Short text fragments from websites:
::::
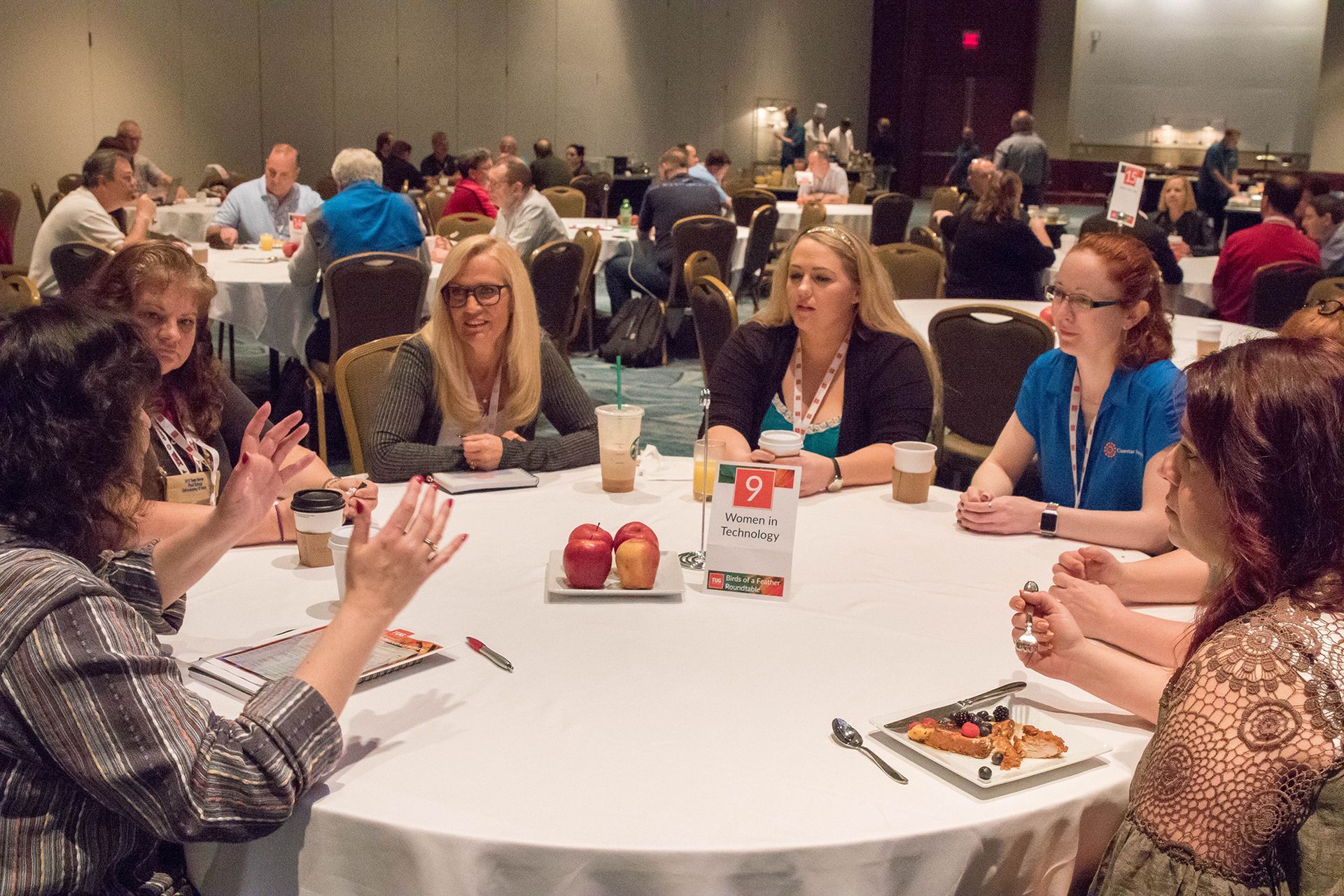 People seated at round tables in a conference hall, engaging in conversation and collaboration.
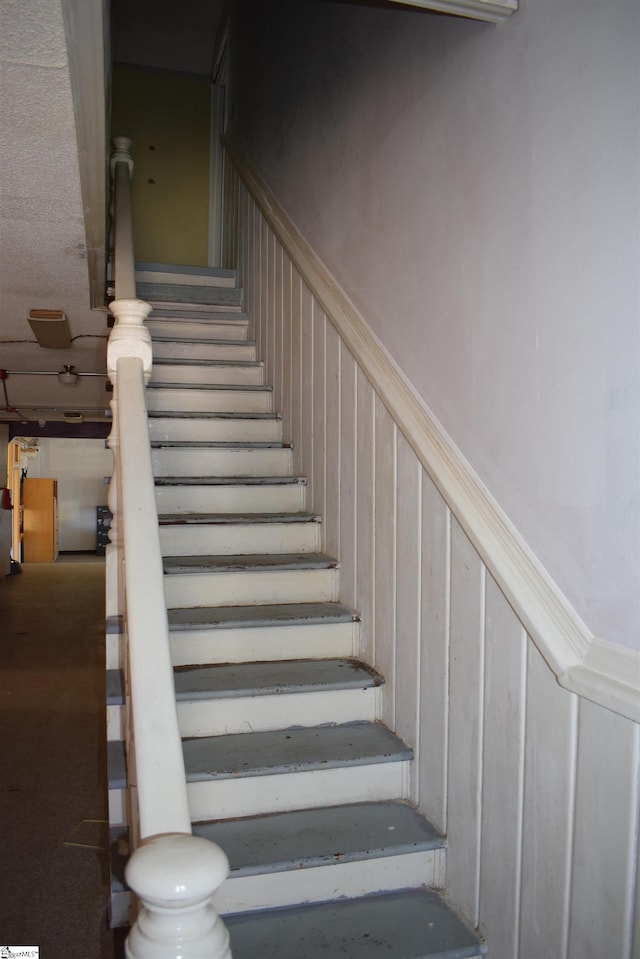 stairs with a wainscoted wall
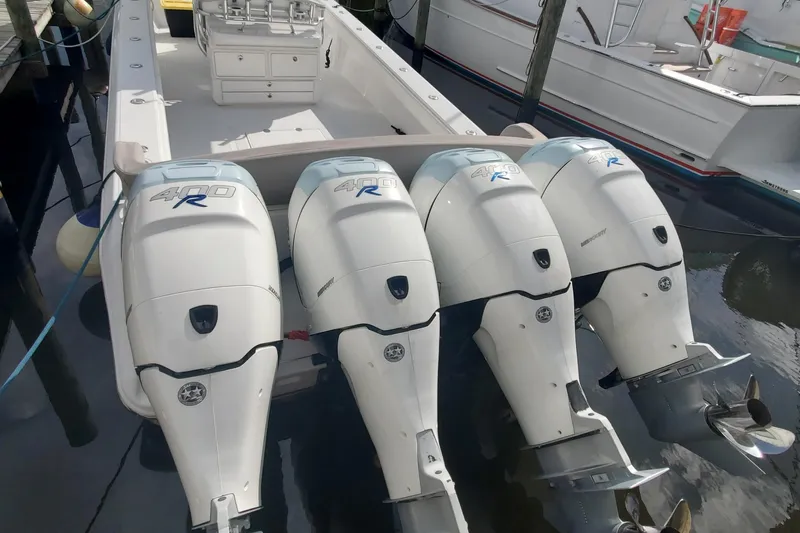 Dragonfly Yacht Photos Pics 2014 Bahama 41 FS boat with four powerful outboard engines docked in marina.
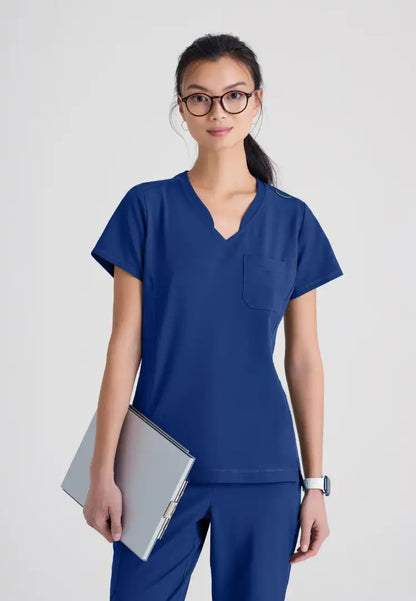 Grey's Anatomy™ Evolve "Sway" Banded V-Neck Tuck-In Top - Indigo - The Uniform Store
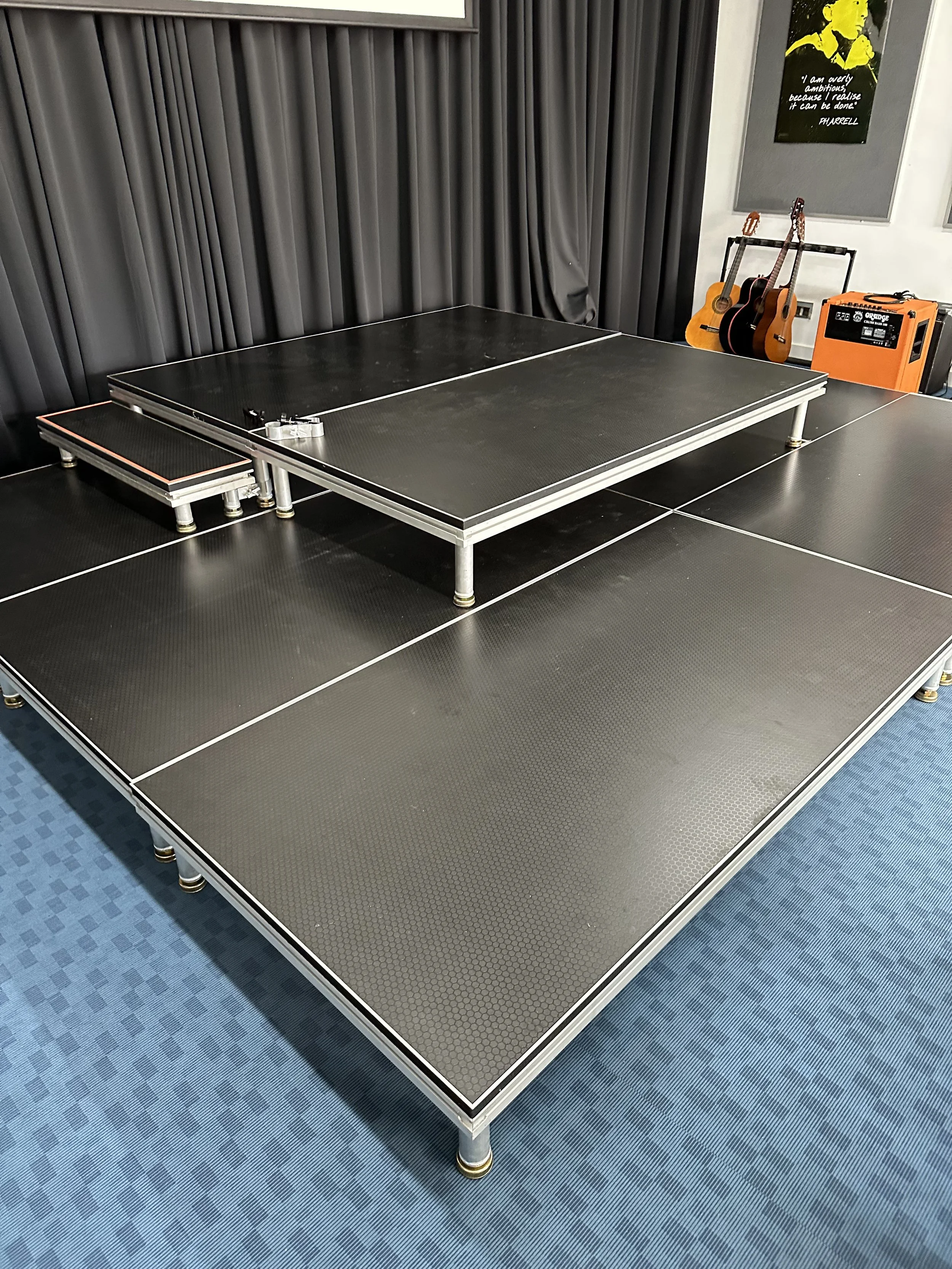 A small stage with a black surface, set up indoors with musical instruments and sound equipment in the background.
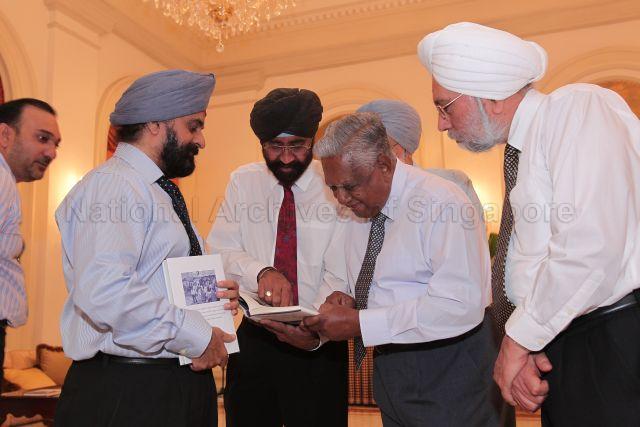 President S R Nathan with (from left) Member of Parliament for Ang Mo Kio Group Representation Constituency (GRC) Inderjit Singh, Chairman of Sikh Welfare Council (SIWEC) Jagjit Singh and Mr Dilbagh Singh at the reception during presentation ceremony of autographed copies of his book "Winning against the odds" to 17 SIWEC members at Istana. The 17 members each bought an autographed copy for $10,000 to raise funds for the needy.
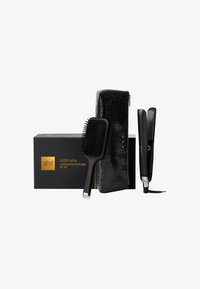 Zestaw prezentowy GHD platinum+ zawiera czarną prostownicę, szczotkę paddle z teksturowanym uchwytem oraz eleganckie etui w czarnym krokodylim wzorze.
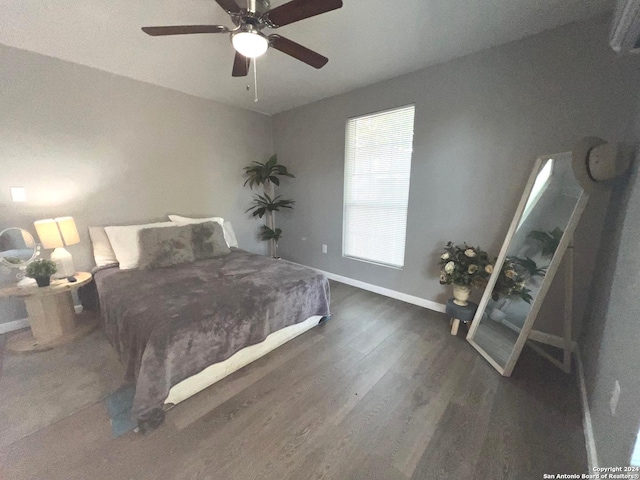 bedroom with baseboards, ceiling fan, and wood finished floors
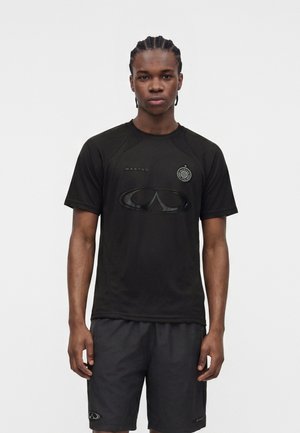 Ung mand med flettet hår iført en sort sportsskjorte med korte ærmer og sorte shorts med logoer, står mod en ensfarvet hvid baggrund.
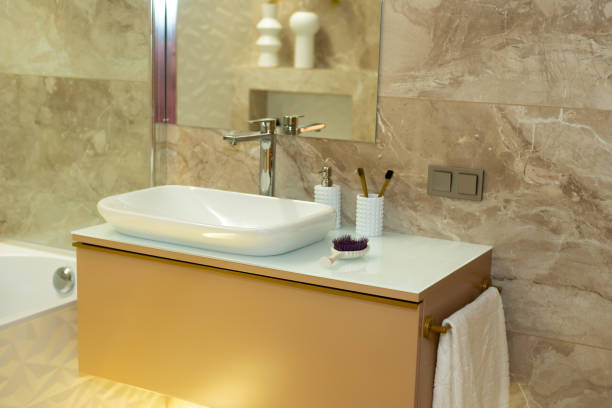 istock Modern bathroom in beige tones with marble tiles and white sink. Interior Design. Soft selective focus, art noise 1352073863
::::
__WORK TASK__. Exactly the lines from the top of the entries through the line with "Grey's Anatomy™ Evolve", inclusive, must be given again, with every picture omitted.

__RESULT OF THE EXERCISE__.
 People seated at round tables in a conference hall, engaging in conversation and collaboration.
 stairs with a wainscoted wall
 Dragonfly Yacht Photos Pics 2014 Bahama 41 FS boat with four powerful outboard engines docked in marina.
 Grey's Anatomy™ Evolve "Sway" Banded V-Neck Tuck-In Top - Indigo - The Uniform Store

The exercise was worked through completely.